Cliff Lee’s Trade Value
by Jon Shields ~ June 14th, 2010 at 9:34 am
GM Jack Zduriencik has to be close to raising the white flag. The Mariners sit 11 games back and do not look like a team that can Colorado Rockies their way back into the playoff picture. They look a lot more like a team that will be competing for the first overall pick of next June’s draft. Soon it will be time for Zduriencik to start auctioning off what he can in an attempt to bring in some reinforcements for next year and beyond. He doesn’t have a lot to work with, but one of his few trade chips is a pretty big one in ace Cliff Lee.
What is Lee’s trade value? Today’s article from Yahoo’s Jeff Passan says just about everything I originally had in this post in far fewer words, so I defer to him:
It’s that time of year, and the only thing holding back …
1. Cliff Lee from extracting a king’s ransom is the plethora of other pitchers available at this deadline derby. None is quite like Lee, of course, and those in his neighborhood make more than his $9 million salary. In other words, he is the perfect mercenary: cheap (relatively), attached to two draft picks (for sure), playoff proven (check out last year) and unfazed by anything (remember this?) .
and
“I don’t care how much [GM Jack Zduriencik] likes draft picks,” one executive said this week. “They cost money to sign, and he can get established players through a trade.”
At least two top-level prospects, the executive suggested, along with a couple more low-level dreamers.

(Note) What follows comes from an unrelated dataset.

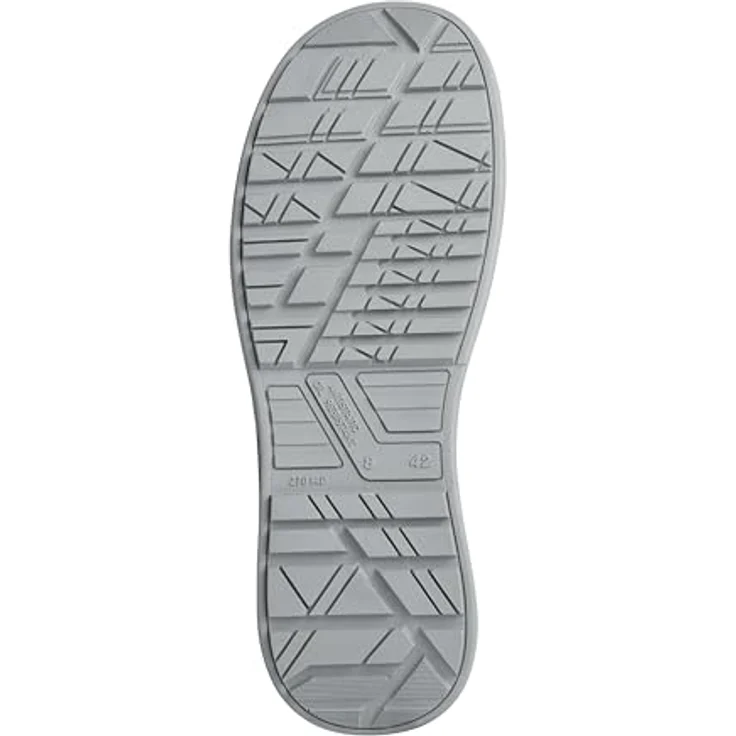 U-POWER AERATOR ESD S1P SRC, Sicherheitshalbschuh aus perforiertem Veloursleder mit Mesh-Einsätzen, Größe 43 – Bild 5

The other day I wrote about a scenario in which the draft picks made sense, but concluded that a trade for near-MLB ready impact prospects would be much better and, while the market hasn’t revealed the buyers just yet, should be there. The executive’s assessment of what Seattle could get is about in line what I was planning to write here, although a little stronger. I was going to suggest one near-MLB ready blue chipper (say, an MLB top 50 prospect), another near-MLB “B” prospect (Mariner equivalent might be Matt Tuiasosopo or Ezequiel Carrera; Michael Saunders if you’re lucky), and two or three toolsy A-ballers that may or not make it (think Joherymn Chavez, acquired in the Brandon Morrow trade).
For discussion:
1.) As a Mariner fan, would you rather see Seattle go on a run and stay relatively close to the division lead in order to keep the ballgames interesting (despite playoff odds hovering under 1%), or would you rather see the team continue to sink so that there is no hesitation in trading a guy like Lee or David Aardsma and to ensure a better first round draft pick for next year?
2.) Open rosterbation thread. Let’s hear more of you (well thought out) Cliff Lee offers.